If you are storing hay in a shed that only has a roof or a building that one or more sides are open, cover your hay with a tarp to keep out weather elements and light. The sun will bleach out your hay, removing nutritional values, especially vitamin A and protein.
If storing outdoors, cover all your bales with tarps and then secure the tarps with heavy-duty tie-downs. Also, you can form a pyramid by stacking the final layers to help shed off snow and rain better than a top layer that is totally flat.

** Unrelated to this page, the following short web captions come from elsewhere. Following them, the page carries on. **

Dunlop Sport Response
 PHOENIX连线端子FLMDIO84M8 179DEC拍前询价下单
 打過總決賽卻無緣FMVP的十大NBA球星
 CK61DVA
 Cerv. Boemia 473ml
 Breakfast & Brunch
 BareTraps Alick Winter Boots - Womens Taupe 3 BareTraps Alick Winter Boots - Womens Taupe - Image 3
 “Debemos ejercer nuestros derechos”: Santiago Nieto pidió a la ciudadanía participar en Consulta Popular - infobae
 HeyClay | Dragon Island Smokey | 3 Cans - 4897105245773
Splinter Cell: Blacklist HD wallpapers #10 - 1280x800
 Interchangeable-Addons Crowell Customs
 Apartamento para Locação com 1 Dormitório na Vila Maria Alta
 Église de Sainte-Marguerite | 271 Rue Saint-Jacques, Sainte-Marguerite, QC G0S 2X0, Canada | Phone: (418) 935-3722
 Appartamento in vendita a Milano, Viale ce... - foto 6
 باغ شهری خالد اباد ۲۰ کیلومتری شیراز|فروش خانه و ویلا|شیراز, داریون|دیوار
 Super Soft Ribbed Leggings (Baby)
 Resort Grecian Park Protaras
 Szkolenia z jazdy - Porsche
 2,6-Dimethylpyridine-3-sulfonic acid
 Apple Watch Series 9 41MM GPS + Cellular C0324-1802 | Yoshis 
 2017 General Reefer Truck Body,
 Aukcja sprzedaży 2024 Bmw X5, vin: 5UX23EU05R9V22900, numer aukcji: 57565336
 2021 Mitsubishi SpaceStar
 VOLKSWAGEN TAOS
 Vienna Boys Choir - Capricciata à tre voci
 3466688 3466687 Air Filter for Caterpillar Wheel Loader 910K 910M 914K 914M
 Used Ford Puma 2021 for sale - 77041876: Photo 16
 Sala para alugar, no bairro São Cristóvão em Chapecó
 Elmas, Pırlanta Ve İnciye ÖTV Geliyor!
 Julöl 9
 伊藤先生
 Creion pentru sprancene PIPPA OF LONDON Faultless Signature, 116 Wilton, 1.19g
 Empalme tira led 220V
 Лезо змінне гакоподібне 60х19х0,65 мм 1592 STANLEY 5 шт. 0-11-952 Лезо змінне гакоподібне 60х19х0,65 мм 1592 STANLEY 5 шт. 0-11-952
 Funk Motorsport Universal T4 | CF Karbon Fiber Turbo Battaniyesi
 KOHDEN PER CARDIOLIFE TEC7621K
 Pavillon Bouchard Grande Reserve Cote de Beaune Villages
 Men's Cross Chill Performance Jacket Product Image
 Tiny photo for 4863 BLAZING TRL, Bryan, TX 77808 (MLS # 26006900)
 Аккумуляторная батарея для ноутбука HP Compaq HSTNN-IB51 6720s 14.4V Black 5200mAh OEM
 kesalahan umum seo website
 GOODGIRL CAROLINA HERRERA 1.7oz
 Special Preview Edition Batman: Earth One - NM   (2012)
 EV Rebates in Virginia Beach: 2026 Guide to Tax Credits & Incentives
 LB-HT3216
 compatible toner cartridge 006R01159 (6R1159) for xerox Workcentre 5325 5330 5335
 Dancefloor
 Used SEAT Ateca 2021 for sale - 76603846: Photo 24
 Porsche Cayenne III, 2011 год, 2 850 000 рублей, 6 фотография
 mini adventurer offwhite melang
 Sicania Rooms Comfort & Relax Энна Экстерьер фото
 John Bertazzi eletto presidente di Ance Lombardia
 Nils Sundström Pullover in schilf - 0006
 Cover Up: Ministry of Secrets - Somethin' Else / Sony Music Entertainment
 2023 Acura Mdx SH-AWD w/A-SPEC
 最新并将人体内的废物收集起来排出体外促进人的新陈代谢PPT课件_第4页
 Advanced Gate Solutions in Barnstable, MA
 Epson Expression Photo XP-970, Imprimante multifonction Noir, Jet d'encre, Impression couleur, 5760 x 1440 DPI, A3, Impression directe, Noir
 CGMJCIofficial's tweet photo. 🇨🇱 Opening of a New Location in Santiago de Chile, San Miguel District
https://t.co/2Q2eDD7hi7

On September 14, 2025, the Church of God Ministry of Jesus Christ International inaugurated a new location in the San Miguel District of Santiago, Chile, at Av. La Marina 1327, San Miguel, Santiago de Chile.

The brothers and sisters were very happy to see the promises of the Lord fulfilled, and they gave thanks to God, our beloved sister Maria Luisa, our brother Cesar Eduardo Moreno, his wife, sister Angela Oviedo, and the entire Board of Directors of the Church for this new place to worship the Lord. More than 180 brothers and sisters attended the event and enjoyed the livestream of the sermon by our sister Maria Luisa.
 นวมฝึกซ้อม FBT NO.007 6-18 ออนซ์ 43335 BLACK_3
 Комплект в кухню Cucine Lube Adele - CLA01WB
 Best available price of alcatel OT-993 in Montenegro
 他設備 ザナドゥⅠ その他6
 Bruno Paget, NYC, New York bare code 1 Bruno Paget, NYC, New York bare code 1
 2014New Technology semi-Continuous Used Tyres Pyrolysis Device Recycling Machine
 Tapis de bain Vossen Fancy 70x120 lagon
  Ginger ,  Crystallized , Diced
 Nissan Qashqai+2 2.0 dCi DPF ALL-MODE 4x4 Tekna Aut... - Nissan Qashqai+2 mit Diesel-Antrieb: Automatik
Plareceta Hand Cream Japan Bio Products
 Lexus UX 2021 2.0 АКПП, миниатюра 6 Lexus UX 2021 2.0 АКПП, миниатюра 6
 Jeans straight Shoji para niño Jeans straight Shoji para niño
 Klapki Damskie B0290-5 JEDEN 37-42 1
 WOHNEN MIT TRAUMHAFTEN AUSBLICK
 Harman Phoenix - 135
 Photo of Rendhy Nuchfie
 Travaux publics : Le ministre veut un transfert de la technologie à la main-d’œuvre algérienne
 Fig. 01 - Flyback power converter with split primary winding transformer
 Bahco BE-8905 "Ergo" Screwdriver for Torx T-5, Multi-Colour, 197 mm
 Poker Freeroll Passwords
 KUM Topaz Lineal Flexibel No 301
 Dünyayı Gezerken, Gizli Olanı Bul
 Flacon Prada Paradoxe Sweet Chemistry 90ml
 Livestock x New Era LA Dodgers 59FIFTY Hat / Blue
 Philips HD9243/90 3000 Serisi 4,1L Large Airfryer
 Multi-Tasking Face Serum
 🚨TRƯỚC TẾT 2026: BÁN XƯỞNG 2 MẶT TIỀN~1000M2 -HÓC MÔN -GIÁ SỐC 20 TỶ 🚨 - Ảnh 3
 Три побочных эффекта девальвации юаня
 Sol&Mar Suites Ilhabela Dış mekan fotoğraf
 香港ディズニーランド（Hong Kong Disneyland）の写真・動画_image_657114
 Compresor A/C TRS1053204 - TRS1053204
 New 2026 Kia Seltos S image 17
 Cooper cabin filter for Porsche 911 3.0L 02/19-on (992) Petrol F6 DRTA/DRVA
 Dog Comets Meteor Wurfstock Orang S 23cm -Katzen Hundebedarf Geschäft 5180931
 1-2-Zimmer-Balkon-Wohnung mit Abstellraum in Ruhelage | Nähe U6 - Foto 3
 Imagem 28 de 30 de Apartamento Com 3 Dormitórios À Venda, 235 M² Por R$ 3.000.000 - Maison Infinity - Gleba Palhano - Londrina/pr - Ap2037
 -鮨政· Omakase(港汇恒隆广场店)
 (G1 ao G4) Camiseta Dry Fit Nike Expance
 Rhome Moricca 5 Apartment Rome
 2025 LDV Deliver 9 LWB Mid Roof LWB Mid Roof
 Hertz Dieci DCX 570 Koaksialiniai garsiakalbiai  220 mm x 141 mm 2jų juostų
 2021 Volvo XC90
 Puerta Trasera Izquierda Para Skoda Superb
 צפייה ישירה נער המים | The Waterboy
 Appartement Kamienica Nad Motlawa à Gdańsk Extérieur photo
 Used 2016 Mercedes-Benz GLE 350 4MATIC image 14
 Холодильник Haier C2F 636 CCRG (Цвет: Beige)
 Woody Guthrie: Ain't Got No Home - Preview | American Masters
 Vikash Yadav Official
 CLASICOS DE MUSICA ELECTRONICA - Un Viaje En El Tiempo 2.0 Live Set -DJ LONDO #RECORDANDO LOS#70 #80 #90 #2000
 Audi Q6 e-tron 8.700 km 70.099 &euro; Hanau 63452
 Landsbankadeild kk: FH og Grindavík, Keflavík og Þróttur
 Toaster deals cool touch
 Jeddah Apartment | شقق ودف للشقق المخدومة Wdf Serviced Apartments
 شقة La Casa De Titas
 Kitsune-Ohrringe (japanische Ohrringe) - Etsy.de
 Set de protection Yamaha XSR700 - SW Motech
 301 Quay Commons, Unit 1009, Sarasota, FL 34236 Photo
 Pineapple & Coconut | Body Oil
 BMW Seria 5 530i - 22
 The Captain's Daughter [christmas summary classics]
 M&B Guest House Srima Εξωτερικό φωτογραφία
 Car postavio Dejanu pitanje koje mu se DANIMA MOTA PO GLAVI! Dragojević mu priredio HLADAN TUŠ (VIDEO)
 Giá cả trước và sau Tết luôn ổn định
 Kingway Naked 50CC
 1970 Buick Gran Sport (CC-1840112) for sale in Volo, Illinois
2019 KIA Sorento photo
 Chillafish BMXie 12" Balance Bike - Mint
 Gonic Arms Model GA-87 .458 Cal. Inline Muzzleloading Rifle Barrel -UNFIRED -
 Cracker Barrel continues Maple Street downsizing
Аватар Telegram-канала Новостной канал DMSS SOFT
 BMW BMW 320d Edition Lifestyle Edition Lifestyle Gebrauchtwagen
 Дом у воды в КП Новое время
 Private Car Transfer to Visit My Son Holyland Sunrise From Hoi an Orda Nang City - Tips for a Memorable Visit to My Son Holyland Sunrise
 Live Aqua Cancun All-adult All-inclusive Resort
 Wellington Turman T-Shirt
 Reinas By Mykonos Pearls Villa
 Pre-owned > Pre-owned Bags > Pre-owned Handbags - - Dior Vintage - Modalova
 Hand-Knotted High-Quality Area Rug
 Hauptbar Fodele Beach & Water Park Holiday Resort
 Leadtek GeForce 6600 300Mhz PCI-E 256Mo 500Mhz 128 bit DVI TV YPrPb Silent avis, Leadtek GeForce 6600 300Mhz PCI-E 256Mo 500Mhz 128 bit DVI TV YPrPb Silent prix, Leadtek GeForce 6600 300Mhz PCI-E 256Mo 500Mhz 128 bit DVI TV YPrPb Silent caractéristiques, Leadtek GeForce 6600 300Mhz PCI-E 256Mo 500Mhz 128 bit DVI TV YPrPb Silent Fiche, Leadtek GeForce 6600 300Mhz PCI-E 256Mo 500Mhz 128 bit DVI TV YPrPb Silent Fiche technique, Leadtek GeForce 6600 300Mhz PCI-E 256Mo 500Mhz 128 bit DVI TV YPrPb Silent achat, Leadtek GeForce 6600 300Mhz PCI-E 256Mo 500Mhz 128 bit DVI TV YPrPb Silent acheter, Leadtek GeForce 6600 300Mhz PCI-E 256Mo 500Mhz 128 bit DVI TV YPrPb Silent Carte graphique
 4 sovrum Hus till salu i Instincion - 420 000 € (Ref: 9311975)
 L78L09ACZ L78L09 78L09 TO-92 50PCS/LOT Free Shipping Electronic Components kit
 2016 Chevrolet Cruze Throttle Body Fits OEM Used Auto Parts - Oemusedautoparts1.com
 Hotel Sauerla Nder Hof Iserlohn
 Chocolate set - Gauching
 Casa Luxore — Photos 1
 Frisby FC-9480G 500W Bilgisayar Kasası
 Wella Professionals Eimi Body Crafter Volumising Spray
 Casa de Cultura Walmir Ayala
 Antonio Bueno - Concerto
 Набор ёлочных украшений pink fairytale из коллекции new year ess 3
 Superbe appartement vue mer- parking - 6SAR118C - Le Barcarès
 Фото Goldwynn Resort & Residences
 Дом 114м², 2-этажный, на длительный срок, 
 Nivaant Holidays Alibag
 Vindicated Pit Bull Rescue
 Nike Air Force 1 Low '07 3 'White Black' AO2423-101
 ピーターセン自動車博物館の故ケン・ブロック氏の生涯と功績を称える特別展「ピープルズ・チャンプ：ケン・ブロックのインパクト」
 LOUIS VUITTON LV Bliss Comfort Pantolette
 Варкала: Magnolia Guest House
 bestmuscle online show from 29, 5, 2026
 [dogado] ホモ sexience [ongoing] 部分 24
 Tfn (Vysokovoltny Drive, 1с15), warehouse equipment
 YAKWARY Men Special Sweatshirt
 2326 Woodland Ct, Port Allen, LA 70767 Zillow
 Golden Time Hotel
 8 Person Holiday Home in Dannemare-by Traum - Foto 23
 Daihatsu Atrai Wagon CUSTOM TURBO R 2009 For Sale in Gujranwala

Check your tarps on a regular basis to ensure they are securely tied down. Only use tarps that are minus any holes or tears. Round bales should be stored on the wrap or twine side and are butted end-to-end in long rows. Move rows to face north and south so winds cannot create snow drifts and both sides of the row will get sunlight for drying purposes. Do not arrange rows with the twine sides touching each other. This can cause a collection of water between the bales. If your bales have to be placed side by side, leave 2-feet between the bales. The space for rows should be at least 3-feet apart so water will not run off from one row to another.
Let's face it, a certain amount of hay stored outside will spoil at some point. This usually depends on whether it's net wrapped or twined, the level of rain and snow you receive during the storage period, the kind of soil the bales are stored on, and the amount of space that is available for spacing between the bales.